(Items from a data source)
····················
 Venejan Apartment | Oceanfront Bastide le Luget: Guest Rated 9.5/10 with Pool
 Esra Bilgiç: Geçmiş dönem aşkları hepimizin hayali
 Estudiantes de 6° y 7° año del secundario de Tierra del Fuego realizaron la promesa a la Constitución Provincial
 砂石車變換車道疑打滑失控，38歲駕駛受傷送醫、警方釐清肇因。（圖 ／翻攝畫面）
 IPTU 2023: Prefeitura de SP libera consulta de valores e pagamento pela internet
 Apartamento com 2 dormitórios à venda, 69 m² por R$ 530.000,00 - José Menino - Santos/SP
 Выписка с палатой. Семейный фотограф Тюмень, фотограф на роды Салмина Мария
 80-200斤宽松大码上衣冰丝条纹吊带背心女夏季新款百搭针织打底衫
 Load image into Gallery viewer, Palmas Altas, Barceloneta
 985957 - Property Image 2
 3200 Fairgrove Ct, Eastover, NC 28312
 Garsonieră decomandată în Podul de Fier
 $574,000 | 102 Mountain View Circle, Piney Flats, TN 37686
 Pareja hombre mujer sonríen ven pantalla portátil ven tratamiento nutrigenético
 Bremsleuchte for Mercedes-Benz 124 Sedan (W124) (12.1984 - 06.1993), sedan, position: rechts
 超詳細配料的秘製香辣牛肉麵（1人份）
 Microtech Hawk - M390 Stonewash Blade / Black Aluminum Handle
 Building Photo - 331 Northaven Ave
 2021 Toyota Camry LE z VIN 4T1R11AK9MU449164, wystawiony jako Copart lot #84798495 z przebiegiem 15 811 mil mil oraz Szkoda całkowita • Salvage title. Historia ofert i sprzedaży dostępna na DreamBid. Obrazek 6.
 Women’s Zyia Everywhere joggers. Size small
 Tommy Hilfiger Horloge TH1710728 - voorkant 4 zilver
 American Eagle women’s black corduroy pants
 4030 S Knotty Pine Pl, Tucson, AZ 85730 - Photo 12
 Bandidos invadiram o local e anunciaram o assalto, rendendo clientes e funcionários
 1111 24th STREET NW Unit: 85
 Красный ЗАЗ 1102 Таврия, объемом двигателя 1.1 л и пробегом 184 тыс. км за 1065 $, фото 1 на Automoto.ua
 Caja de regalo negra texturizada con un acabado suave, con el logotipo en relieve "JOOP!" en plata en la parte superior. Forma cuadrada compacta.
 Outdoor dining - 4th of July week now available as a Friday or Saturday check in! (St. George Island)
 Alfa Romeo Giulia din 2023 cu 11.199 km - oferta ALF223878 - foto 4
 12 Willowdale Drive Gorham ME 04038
····················
■ What needs to be done
The line containing "Красный ЗАЗ 1102" and every line after it, through the end of the records above: output exactly those, and nothing else.

■ Problem solution
 Красный ЗАЗ 1102 Таврия, объемом двигателя 1.1 л и пробегом 184 тыс. км за 1065 $, фото 1 на Automoto.ua
 Caja de regalo negra texturizada con un acabado suave, con el logotipo en relieve "JOOP!" en plata en la parte superior. Forma cuadrada compacta.
 Outdoor dining - 4th of July week now available as a Friday or Saturday check in! (St. George Island)
 Alfa Romeo Giulia din 2023 cu 11.199 km - oferta ALF223878 - foto 4
 12 Willowdale Drive Gorham ME 04038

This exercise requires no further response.